Dru - You can not advertise without arrangements with the forum administrators. I have left most of your post intact, but deleted the url.


----------



## Surtees (Sep 11, 2007)

Yes I use similar tees as well some time I also play with brush tees I got for a present they still hold your ball at a set height.


----------



## 373 (Jun 9, 2006)

Buddy of mine gave me a 3 piece set of brush tees. I've tried them, but don't know they do anything more for me than cheating.


----------



## FrogsHair (Mar 4, 2010)

I have some of those brush tees, but I still use those wooden ones 99% of the time. No particular reason. I know Els used brush tees in a tournament years ago. Not sure what he is using now. All I know about tees is the thinner the spike, the easier they go into the ground. There are some tees that are so big you need a hammer to get them into tee box turf on some courses. I think it was Laura Davies who used to make a "dirt" tee with her club, and put the ball on top of it. What ever works for you.


----------



## Feyd888 (Jun 4, 2010)

I've recently started using some plastic tees that have 3 points on top for the ball to rest on. they're supposed to cause less friction on the ball. not sure if thats the case or not but I wont use anything else now for the simple reason that in over 6, 18 hole rounds i've broken 1 the box of 48 should last me for ever at that rate lol.


----------



## 373 (Jun 9, 2006)

Feyd888 said:


> the box of 48 should last me for ever at that rate lol.

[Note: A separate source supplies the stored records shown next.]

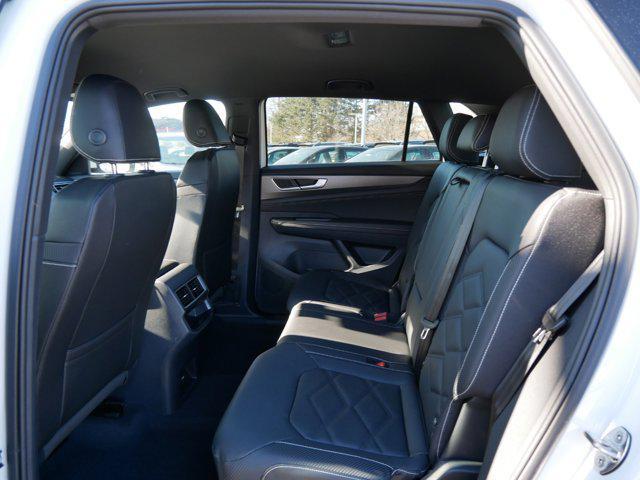 new 2025 Volkswagen Atlas Cross Sport car, priced at $39,280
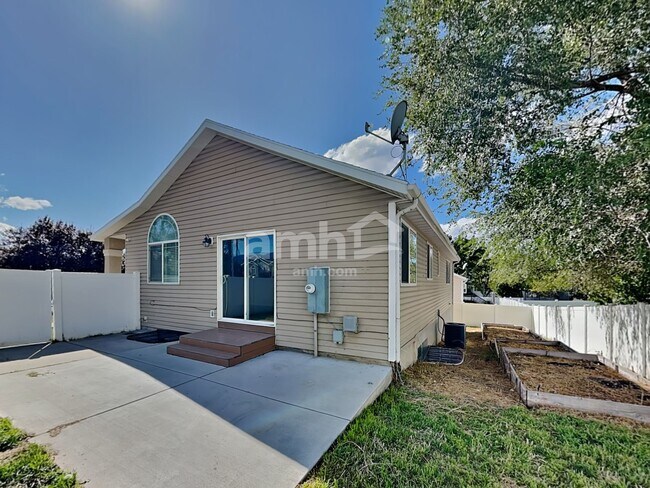 Building Photo - 156 W Rory Ln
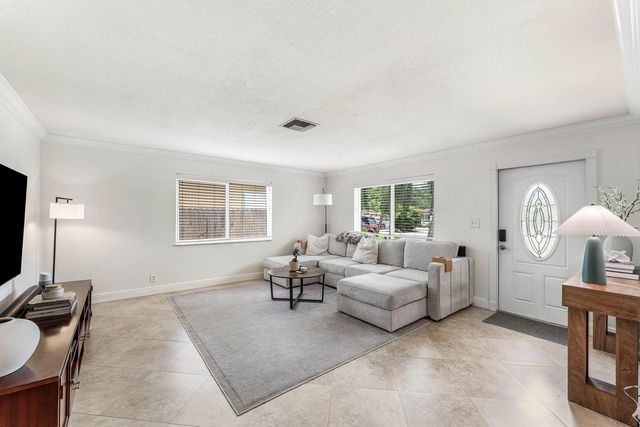 4 of 27 - 5347 Washington Road, Delray Beach, FL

LOL - A very long time ago, I got a birthday present of 1000 tees. They were the shorter style, not too suitable for most of the deep face drivers of today, but my Titleist driver has a fairly shallow face, so it's not bad. If I had to depend on exhausting them only on par 3 holes, I'd have to live forever.


----------



## Surtees (Sep 11, 2007)

A friend and I went halves in a 100 wooden tees off ebay a few years ago. They do snap but I still have like 20 odd left although I dont use them that much now.


----------